The moment of inertia for a system of point masses is $I = \sum m_i r_i^2$, where $m_i$ is the mass of the i-th particle and $r_i$ is its distance from the axis of rotation. Let the mass of each ball be $m = 0.2$ kg and the rod length be $L = 0.8$ m.

[Q1] The axis of rotation is at the center of the rod. Each ball is at a distance of $r = L/2$ from the axis. The total moment of inertia $I_1$ is the sum of the moments of inertia of the two balls.

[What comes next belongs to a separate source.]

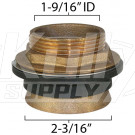 Toilet Spud (for standard 1.5" vacuum breaker flush tube)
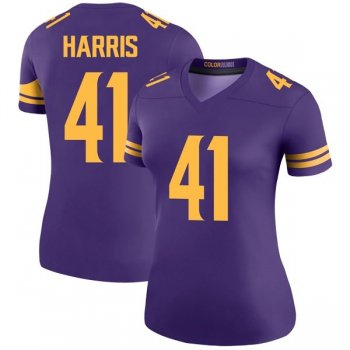 Women's Anthony Harris Minnesota Vikings Legend Purple Color Rush Jersey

$$I_1 = m\left(\frac{L}{2}\right)^2 + m\left(\frac{L}{2}\right)^2 = 2m\frac{L^2}{4} = \frac{1}{2}mL^2$$ $$I_1 = \frac{1}{2}(0.2 \text{ kg})(0.8 \text{ m})^2 = 0.064 \text{ kg m}^2$$

[Q2] The axis of rotation passes through one of the balls. One ball is at a distance $r_1=0$ from the axis, and the other is at a distance $r_2=L$. The total moment of inertia $I_2$ is:

$$I_2 = m(0)^2 + m(L)^2 = mL^2$$ $$I_2 = (0.2 \text{ kg})(0.8 \text{ m})^2 = 0.128 \text{ kg m}^2$$